Comments, complaints, donations (especially SUPERPAC donations) always welcome at feedme@generisis.com or: speak@donjonesindex.com

 

 

ATTACHMENT ONE – From the Daily Mail, UK (reprinted from last week’ DJI)

 

TRUMP TURNED ON CAPITOL MOB BECAUSE THEY 'LOOKED LIKE IDIOTS' AND THOUGHT THEY WERE DEMOCRATS - WHILE IVANKA DOWNPLAYED RIOT AS AN 'OPTICS ISSUE' WHILE TELLING AIDES ABOUT HER KIDS' PLACES IN PRIVATE SCHOOL, BOOK CLAIMS

 

'This looks terrible,' said Trump as he watched the Jan. 6 violence unfold, according to new book 

'These aren’t our people, these idiots with these outfits,' he said, adding that they looked like Democrats

Michael Wolff offers detailed account of how the day unfolded in 'Landslide: The Final Days of the Trump Presidency'

It describes how advisers urged him to call on supporters to go home 

The book also claims Ivanka was in the West Wing chatting about getting her children into private school on January 6 

She then downplayed the riot as an 'optics issue', Wolff writes  

 

By ROB CRILLY, SENIOR U.S. POLITICAL REPORTER FOR DAILYMAIL.COM

PUBLISHED: 11:50 EDT, 28 June 2021 | UPDATED: 15:05 EDT, 28 June 2021

 

In the aftermath of violence that rocked the nation's capital, hours after hundreds demonstrators attacked the U.S. Capitol, and as his power slipped away, President Trump turned on his supporters.
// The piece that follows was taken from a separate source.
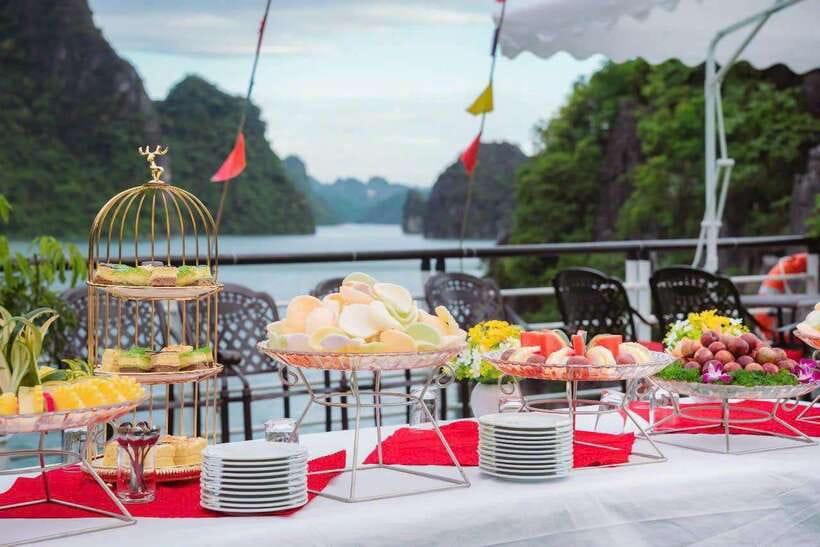 Ha Long Bay Deluxe Cruise & kayaking - 1 Day - Kayaking or bamboo boating through Luon Cave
'This looks terrible. This is really bad,' he told an aide by telephone after watching television coverage of his fans ransacking the Capitol and as his small team tried to work out a survival strategy.

'These aren’t our people, these idiots with these outfits.

The smell of marijuana hung over clumps of protesters, many of whom had dressed for the occasion - some in camouflage gear, some in jackets made from flags, one as Abraham Lincoln and, in images that came to define the protests, another in a horned headdress.

A new book details how Trump responded to unfolding events on Jan. 6, when Vice President Mike Pence refused to follow his orders in overturning election results, and a mob of Trump supporters attacked police officers and stormed the Capitol complex.

In 'Landslide: The Final Days of the Trump Presidency' author Michael Wolff delivers a blow-by-blow account.

In the aftermath of violence that rocked the nation's capital, hours after hundreds demonstrators attacked the U.S. Capitol , and as his power slipped away, President Trump turned on his supporters. 'This looks terrible. This is really bad,' he told an aide by telephone after watching television coverage of his fans ransacking the Capitol. Ivanka Trump also downplayed the riot as an 'optics issue', a new book claims It also claims Ivanka Trump was going around the West Wing talking about getting her children into private school on January 6.

'Ivanka Trump had been floating around the West Wing, chatting to a variety of people. Her children had gotten into private school in Florida, and she was pleased about this — an excited topic of conversation. 

'She was pulled away from her discussion about schools to join the increasingly tense debate about how to respond to the news,' Wolff writes. 

Then, as MAGA supporters stormed the Capitol, she allegedly downplayed the issue.

Wolff writes:  'No one in the White House was seeing this as the full-on assault on the Capitol and the nail in the coffin of the Trump administration that the world would shortly understand it to be; they were, for perhaps another 90 minutes or so, still treating this as “an optics issue,” as Ivanka was putting it.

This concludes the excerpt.